--- Data provided ---
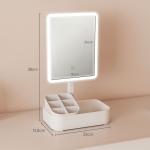 Espelho de Maquilhagem com Luz LED Espelho de Toucador Recarregável com 2 Modos de Iluminação Rotação de 180° 22x13,8x38 cm Branco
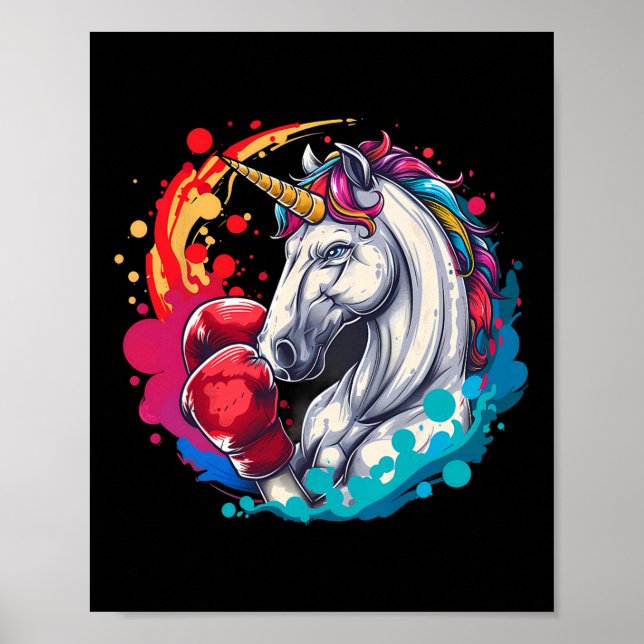 Boxer Einhorn mit Boxhandschuhen Kickboxing Funny Poster (Vorne)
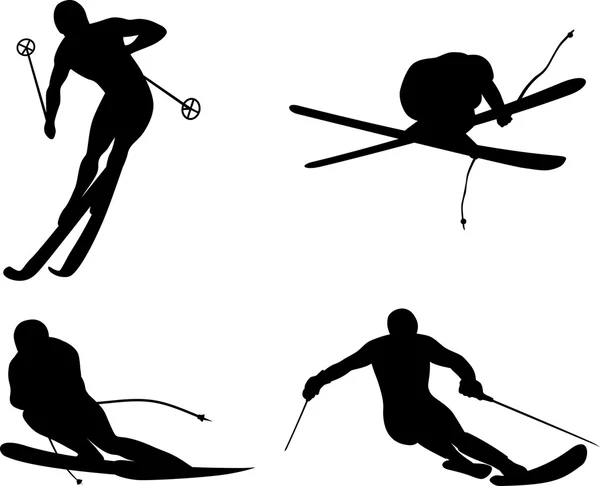 Skiing Silhouette — Stock Vector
---
### [Instructions for the task]
Return the whole of the material above exactly, with no picture carried over.

### [Response to this task]
 Espelho de Maquilhagem com Luz LED Espelho de Toucador Recarregável com 2 Modos de Iluminação Rotação de 180° 22x13,8x38 cm Branco
 Boxer Einhorn mit Boxhandschuhen Kickboxing Funny Poster (Vorne)
 Skiing Silhouette — Stock Vector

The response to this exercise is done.